Needless to say, their “search & retrieval” mission on a distant alien world does not go exactly as planned. The Harvesters are still around, of course, but other problems arise as well. I won’t spoil the details, but there are once again some fun new additions to the franchise.

Whereas the original film was a disaster survival film and the second was a martial arts adventure flick, Skylines is very much a “men on a mission” movie. This really sets it apart from the previous two, as our heroes here actually know what they need to do from the get-go. Sure, problems still arise where they have to think on the fly, but gone is the more chaotic “What the hell are we gonna do?!?” nature of the previous two outings. On the one hand, this robs it of a bit of the adrenaline and sense of urgency that the others (especially Beyond) had. On the other, it allows us more time to get to know the main characters.

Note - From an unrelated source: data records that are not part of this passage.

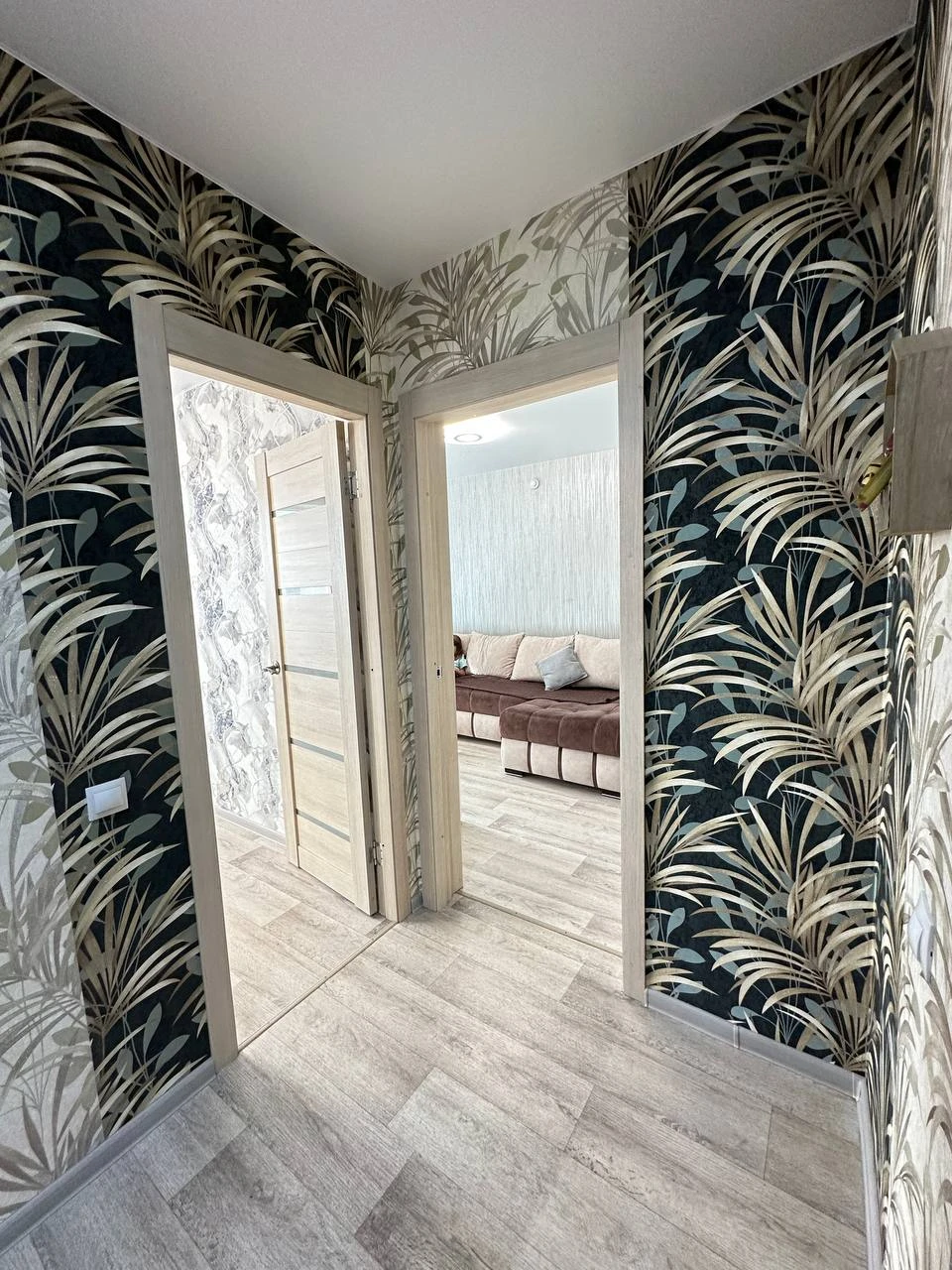 2-к квартира, 46 м²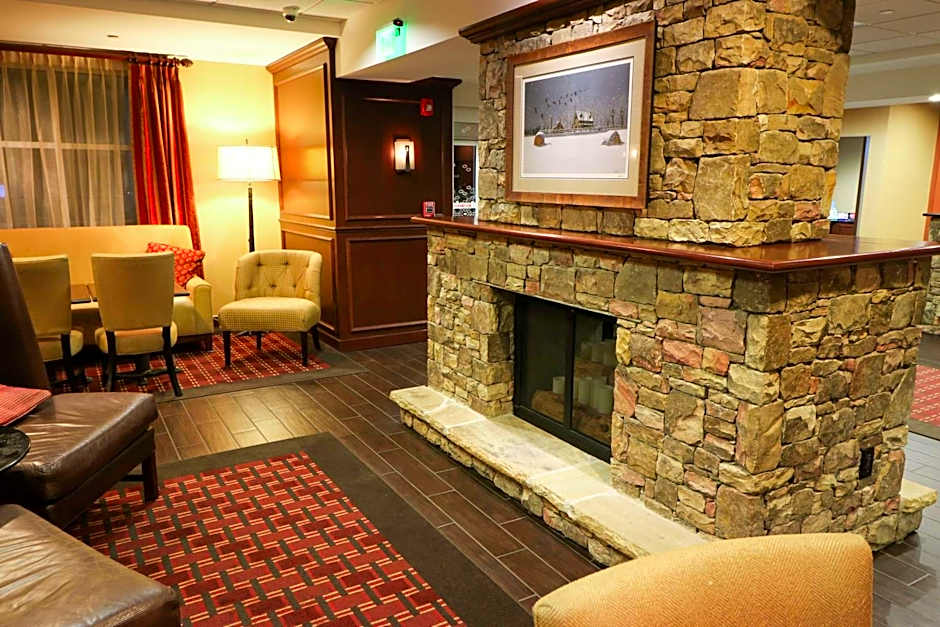Hampton Inn By Hilton Lincolnton Nc
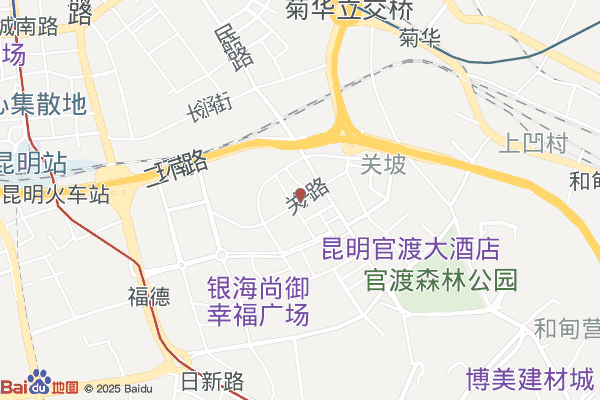 官渡电子商务产业园-北门实景图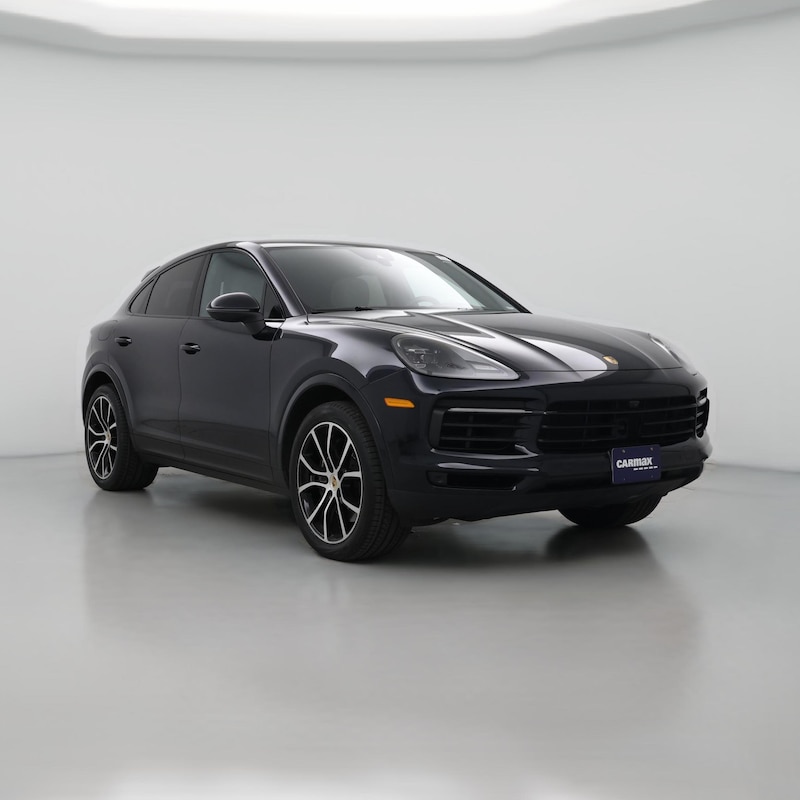 2023 Porsche Cayenne Coupe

Lindsey Morgan is an incredibly capable lead here and between this and her work on The 100, it’s no wonder that she recently landed another main series role over at The CW for their upcoming Walker: Texas Ranger reboot. Rose is a character who is walking around with a lot of baggage; from her traumatic early life to her otherworldly abilities to further traumas caused by her time as a soldier. It’s a very tropey character, but one that she brings to life in a believable fashion.

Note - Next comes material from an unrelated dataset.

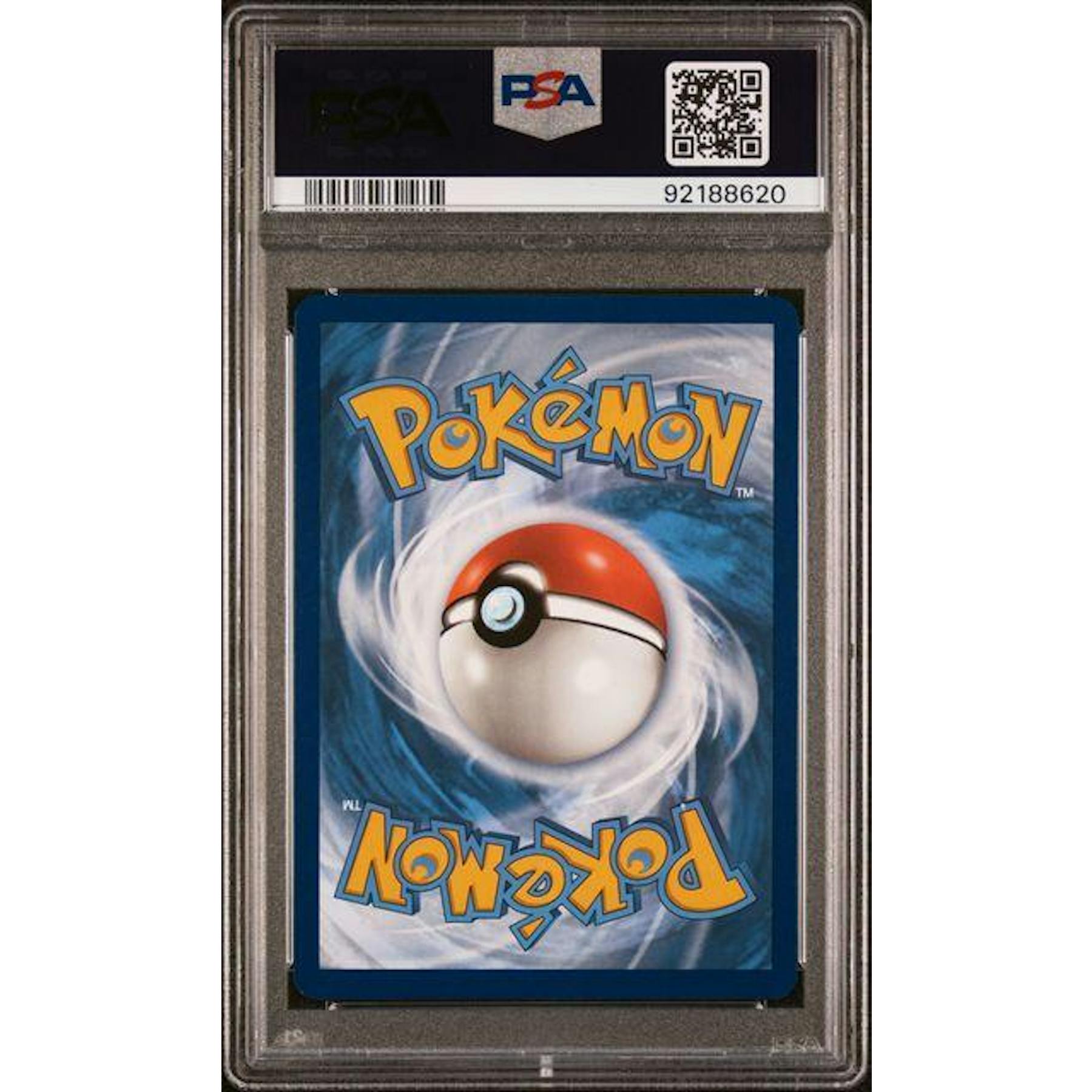 2024 Pokemon Paldean Fates Mew ex Special Illustration Rare #232 PSA 10
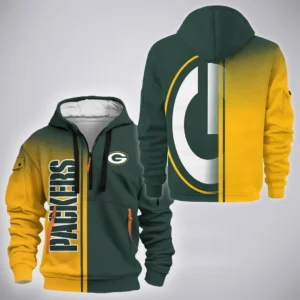 Sport Fan Gift Hoodie Half Zipper For Sport Lover HVN1257GP082925HODZ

Supporting her we have deligtful scenery chewers like Alexander Siddig (Star Trek: Deep Space Nine) and Daniel Bernhardt (The Matrix Reloaded, Atomic Blonde), veteran character actor James Cosmo (Braveheart) in a mentorly role, and Rhona Mitra (Doomsday) being as stoic as ever. The latter two, along with the aforementioned Yayan Ruhian (The Raid), fill out the B plot that’s going on back on Earth as the space mission unfolds. If you’re going to have a side story that isn’t quite as interesting as everything else, you could certainly do far worse than having it center around those three.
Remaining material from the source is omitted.